Il gruppo criminale, in realtà un vero e proprio network di gruppi indipendenti tra di loro ma tutti collegati alla centrale sita in territorio estero, operava attraverso ramificazioni attive nelle città di Bari, Torino, Milano e Ventimiglia.

Il  gruppo operante a Bari si occupava di fornire accoglienza ai migranti presso abitazioni messe a disposizione da titolari di agenzie immobiliari. Forniva anche documenti giustificativi per il rilascio dei permessi di soggiorno agli stessi migranti giunti in Italia e per il rinnovo di quello già in possesso di altri soggetti stranieri già presenti sul territorio europeo. Dalla città pugliese, i migranti venivano indirizzati verso le città di Torino e Milano per essere successivamente indirizzati a Ventimiglia dove operava un altro gruppo composto totalmente da cittadini stranieri di nazionalità pakistana e afghana che  si occupava di raccogliere e trasportare nottetempo i migranti in Francia.
Una volta effettuato il trasferimento ottengano il pagamento pattuito con le famiglie dei migranti.

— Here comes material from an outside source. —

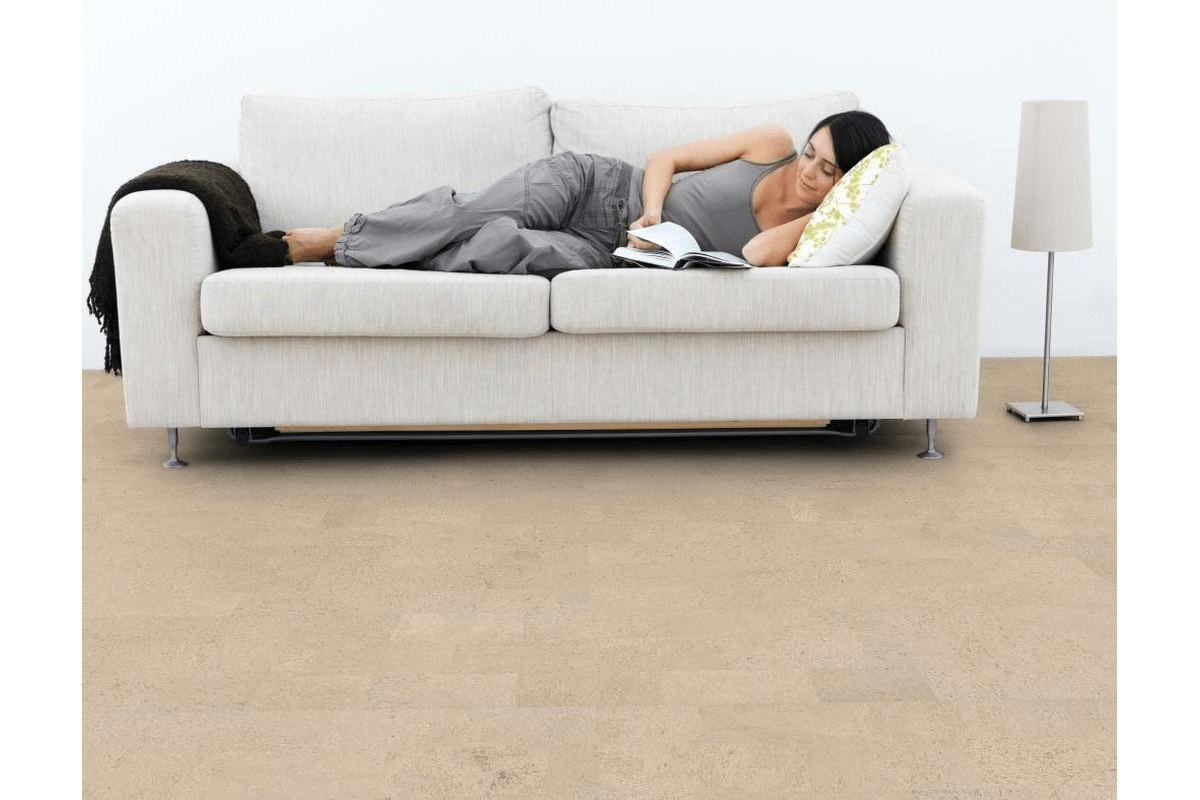 Parquet collé en liège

A seguito delle perquisizioni  è stato sequestrato ingente materiale, tra cui 17 telefoni cellulari, principale strumento utilizzato dagli indagati per l’espletamento delle attività illecite, 4 computer portatili, documenti vari e circa 25.000 euro in contanti.

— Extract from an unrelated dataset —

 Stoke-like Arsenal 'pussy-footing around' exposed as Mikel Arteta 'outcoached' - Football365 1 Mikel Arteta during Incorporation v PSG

Seimila euro per venire in Europa

L’inchiesta ha smantellato un pericoloso cartello di facilitatori considerato un necessario anello di congiunzione con gruppi criminali attivi in Turchia e Grecia che, a loro volta, agevolavano i migranti nel percorso verso la meta privilegiata (Francia e nord Europa) a fronte del pagamento di ingenti somme di denaro (circa 6 mila euro a migrante, per l’intero viaggio attraverso l’Afghanistan, il Pakistan, l’Iran, la Turchia, la Grecia e l’Italia).

Il denaro corrisposto dalle famiglie dei migranti veniva accantonato in punti di raccolta in Turchia e poi versato al momento dell’arrivo del migrante nel Paese previsto, o attraverso sistemi di money transfer oppure con un meccanismo simile all’hawala come già verificato nel contrasto alle organizzazioni criminali nigeriane di tipo cultista.

 L’intero network criminale aveva ampia disponibilità di denaro utile ad acquistare imbarcazioni, generalmente a vela e a reclutare skipper in grado di pilotare le imbarcazioni verso la costa della provincia di Siracusa.
Gli scafisti venivano remunerati con una somma pari a circa 1000 dollari per ogni traversata.